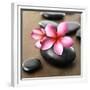 Zen Pebbles-null-Framed Premium Photographic Print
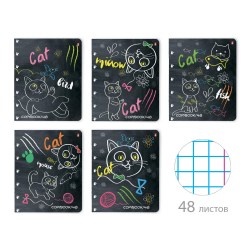Тетрадь  48л. Альт 7-48-746 "Ученый кот" клетка, ассорти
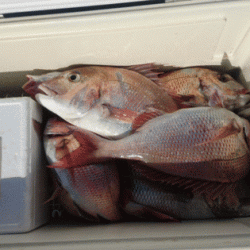 遊漁船ブルーウッズ 釣果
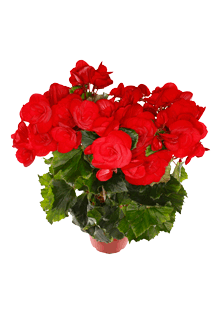 Begonia tuberosa Mix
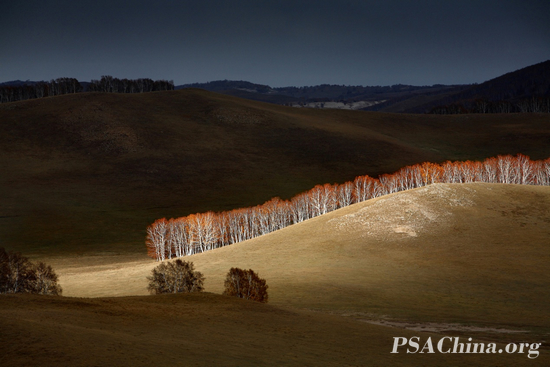 Gold PSA medal-��ѧ����Ʒ����ɽ�¡�Hillside.jpg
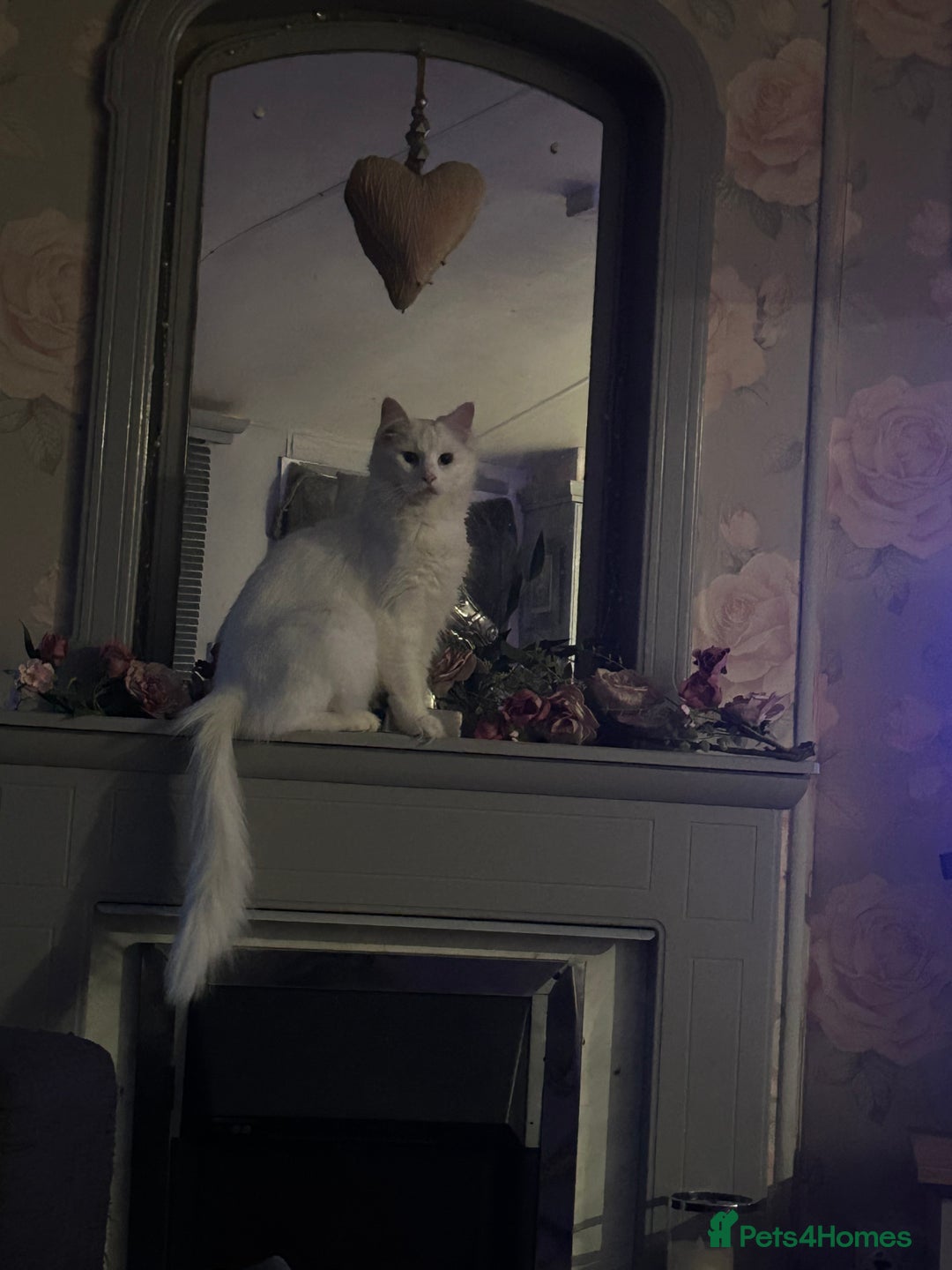 Maine Coon cats for sale: Stunning Maine coon kittens  - Image 7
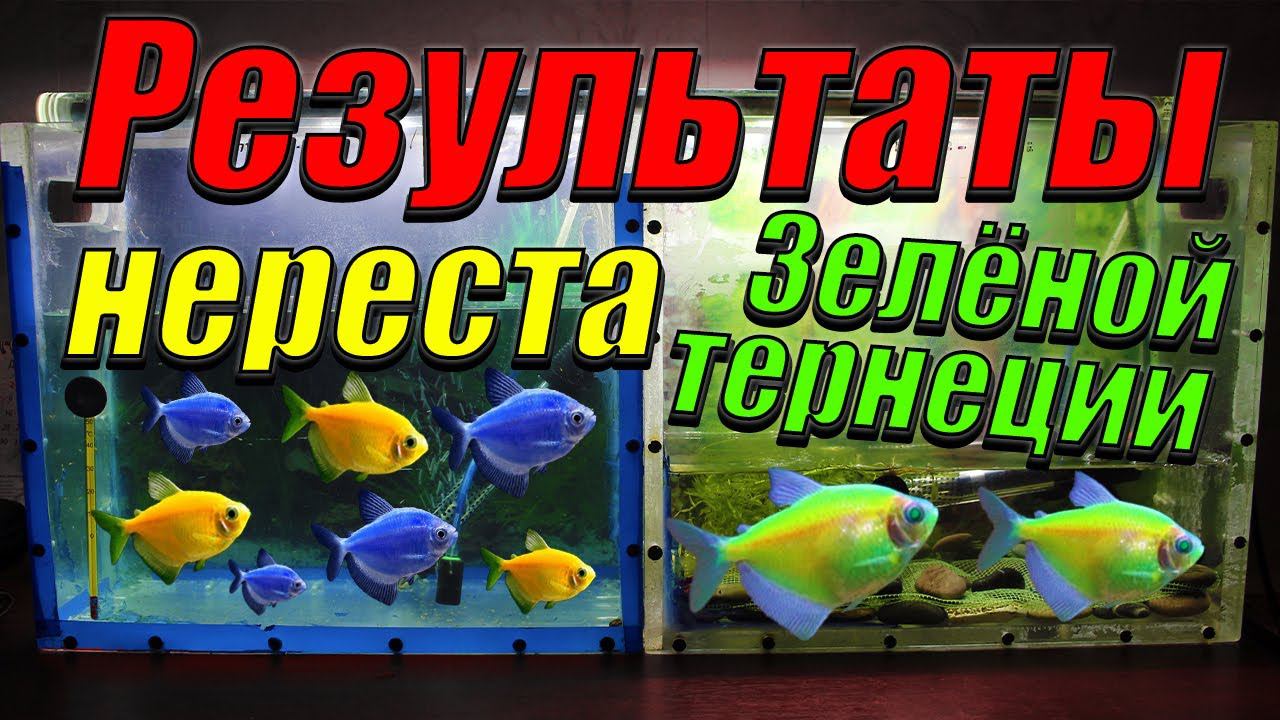 Результаты нереста зелёных тернеций. смотреть онлайн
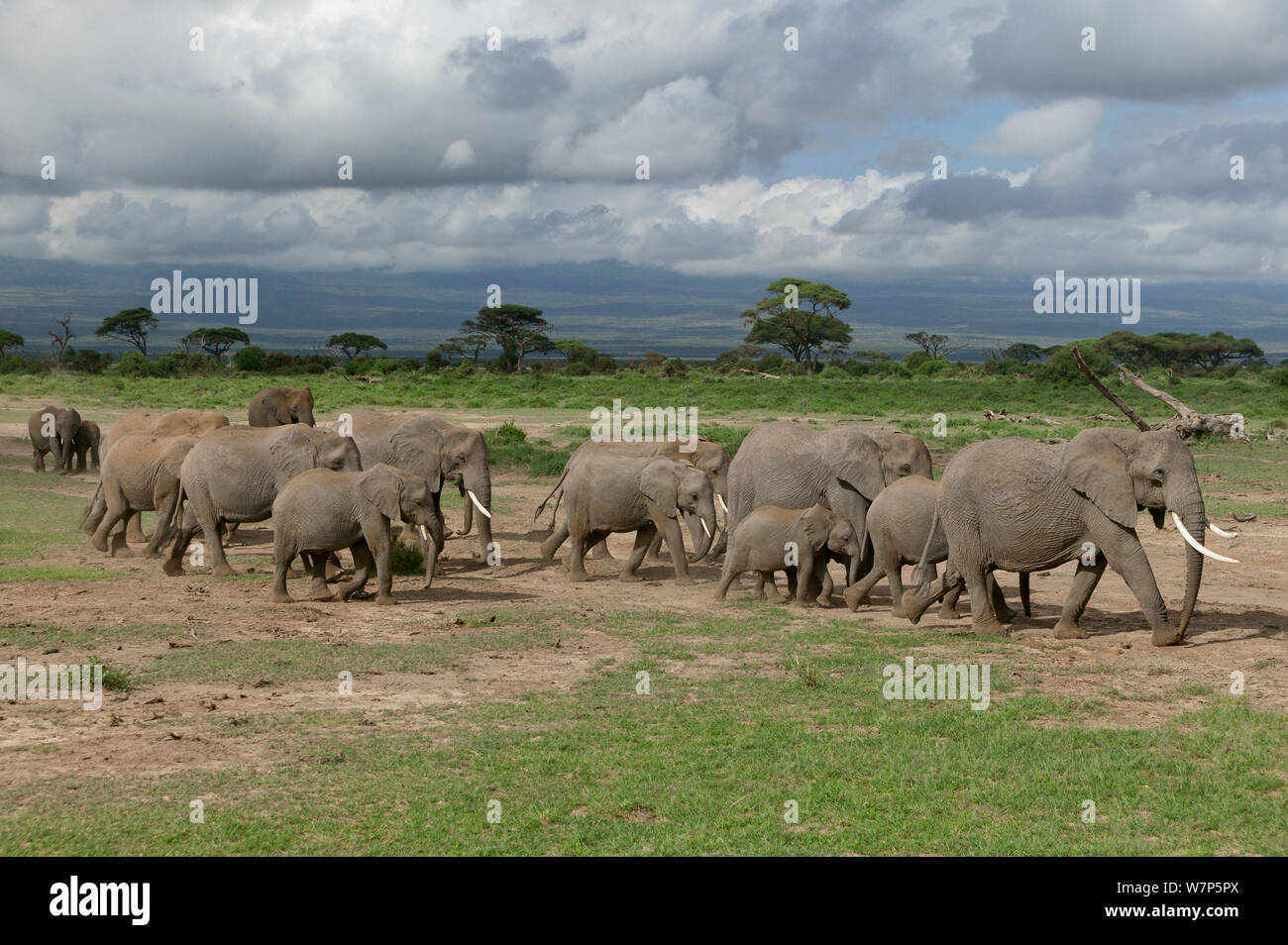 L'éléphant africain (Loxodonta africana), troupeau en mouvement. Le Parc national Amboseli, au Kenya. Banque D'Images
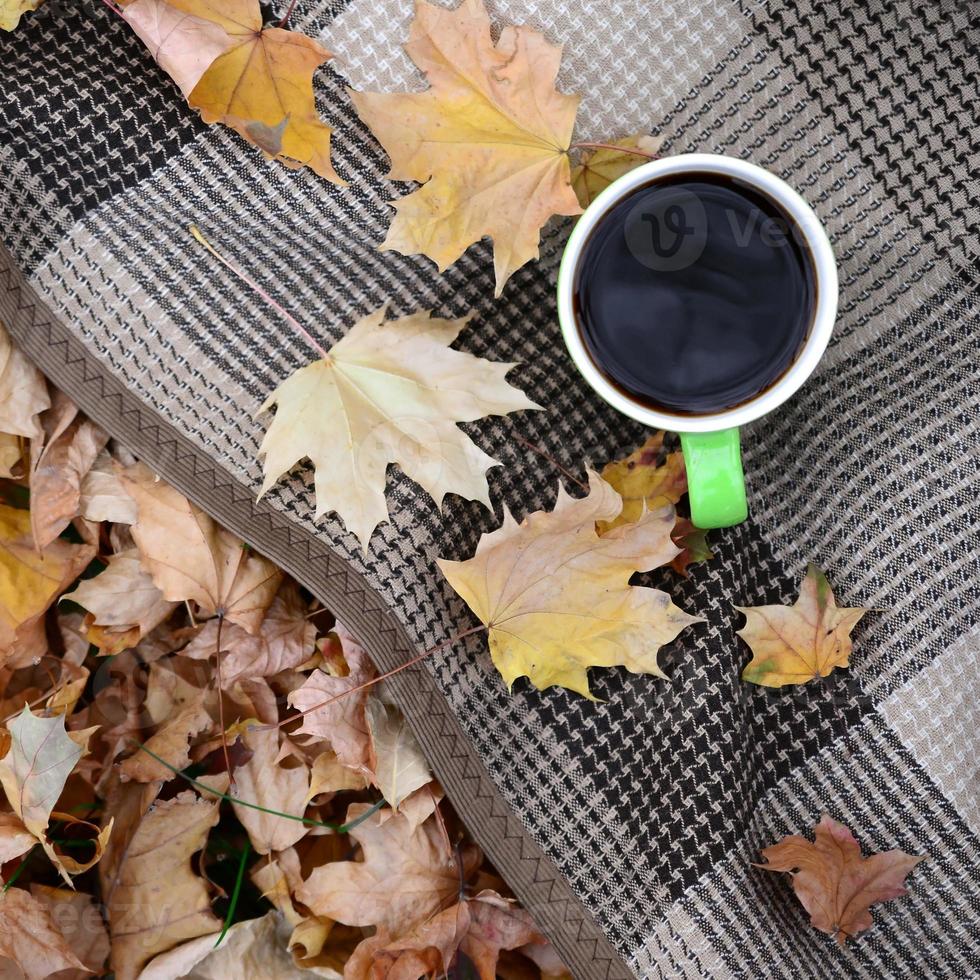 hojas de otoño y una taza de café caliente y humeante se encuentran en cuadros escoceses al aire libre foto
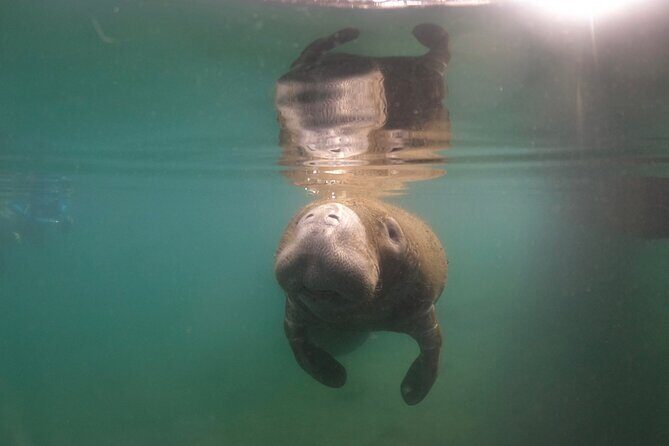 Private Manatee Snorkel Tour with FREE Photo Package - An In-Depth Look at the Tour Experience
○ ○ ○ ○ ○
REQUIRED WORK = What you return should be the whole listing, word for word, without its pictures.

RESULT FOR THIS EXERCISE =
 Zen Pebbles-null-Framed Premium Photographic Print
Тетрадь  48л. Альт 7-48-746 "Ученый кот" клетка, ассорти
 遊漁船ブルーウッズ 釣果
 Begonia tuberosa Mix
 Gold PSA medal-��ѧ����Ʒ����ɽ�¡�Hillside.jpg
 Maine Coon cats for sale: Stunning Maine coon kittens  - Image 7
 Результаты нереста зелёных тернеций. смотреть онлайн
 L'éléphant africain (Loxodonta africana), troupeau en mouvement. Le Parc national Amboseli, au Kenya. Banque D'Images
 hojas de otoño y una taza de café caliente y humeante se encuentran en cuadros escoceses al aire libre foto
 Private Manatee Snorkel Tour with FREE Photo Package - An In-Depth Look at the Tour Experience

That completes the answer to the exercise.